The following is based on the “Peopling of Africa from the Nile Valley”, chapter nine of Cheikh Anta Diop’s “The African Origin of Civilization: Myth or Reality” (1974):
Diop, based on what was known in the 1950s, says that most people in Africa came from the Nile Valley, particularly in and near the country of Sudan.
Today we use genetic studies to work out ancient migrations. In Diop’s day that was not possible.
Diop based his ideas on two things:
- The old stories that people in Africa told about where they came from
- The names of peoples and gods that keep reappearing across Africa
Most of the old stories follow this pattern:
- They start out at the Great Water.
- Cross through a land of short men.
- Point back towards a region in or near Sudan as their starting point.
The Egyptians and Nubians say they came from the south, the West Africans from the east and the Bantus say they came from the north.
So the Great Water appears to be the Nile, not the ocean. And the short men are apparently the Pygmies, who still live in the middle of Africa and who were more widespread thousands of years ago.
The pattern of names shows the same. For example:
- There is a tribe that calls itself the Nyoro in Sudan and also one by that name far to the west in Mali.
- The names Goula, Goule, Goulaye and Gilaye appear both along the Nile and again in West Africa.
- There are people who call themselves Serer, Sere or Sara in Senegal, Central Africa and Chad. In those same places there are stone monuments that look like big penises. There are more such monuments to the east in a line that goes all the way to Ethiopia.
Diop believes the Serer built the megaliths as they slowly moved west across Africa.

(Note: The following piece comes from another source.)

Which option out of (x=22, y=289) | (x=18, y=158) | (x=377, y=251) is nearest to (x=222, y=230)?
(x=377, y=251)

One scholar, Dr Joseph Maes, disagrees:
Anyone familiar with Black psychology can state almost categorically that these works which require a considerable amount of effort, without any immediate apparent usefulness, without any relationship to the natural functions of eating and copulating which alone interest the black man, have not been executed by the black race.
This leads to Diop making an important point for his book as a whole:
This attitude, typical of the Western world when we are concerned, shows how absolutely necessary it is for us to dig out our own past, a task that no one people can do for another, because of passions, national pride, and racial prejudice resulting from an education distorted from the ground up.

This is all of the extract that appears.